“We believe this makes sense from a competitiveness standpoint, and we also believe reforms can greatly simplify our current international rules,” he said.

Territorial System

Under a territorial system, companies would have little or no tax incentive to hold earnings offshore and thus would be less likely to end up in the situation that Bank of America encountered.

Without changes, the U.S. tax system creates an incentive for companies to stockpile untaxed profits outside the country. Over the past year, 83 large U.S.-based multinational corporations added $183 billion to their untaxed offshore profits, which now total $1.46 trillion, according to data compiled by Bloomberg on U.S. companies with the largest accumulated foreign assets.

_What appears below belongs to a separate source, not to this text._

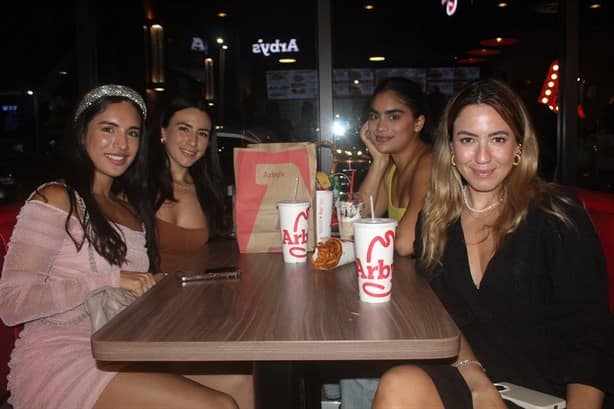 Invitados la pasan de lo mejor en el nuevo Arbys Veracruz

The system encourages companies to find ways to bring back their income and tax credits when they can do so with little or no cost or when they must repatriate earnings for other reasons.

‘Highly Taxed’

“What you want to do is somehow find a way to bring the foreign tax credits without bringing the income that would be highly taxed in the U.S.,” said Douglas Shackelford, a tax professor at the University of North Carolina’s Kenan-Flagler Business School.

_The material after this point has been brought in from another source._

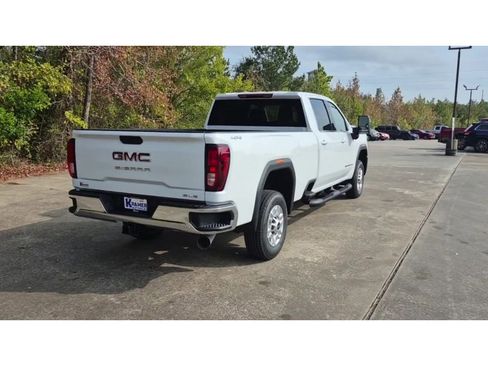 New 2026 GMC Sierra 2500 SLE w/ SLE Value Package; image 8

Among the 83 U.S.-based multinationals with overseas stockpiles exceeding $4 billion in recent years, Bank of America was one of 12 that had a declining balance of offshore profits, according to Bloomberg data. As of the end of 2011, Bank of America had $18.5 billion in untaxed offshore profits. The company reported that repatriating all of the money would have cost $2.5 billion in taxes.

By the end of 2012, after the transactions, the company had $17.2 billion in accumulated offshore earnings, which would cost $4.3 billion in taxes to repatriate.

Bank of America almost tripled its stockpile of foreign tax credits to $6.2 billion in 2012. The credits sit on its books as deferred tax assets. They can be used to reduce future U.S. tax bills only after the company generates enough taxable income to exhaust $4.9 billion in U.S. deductions for losses.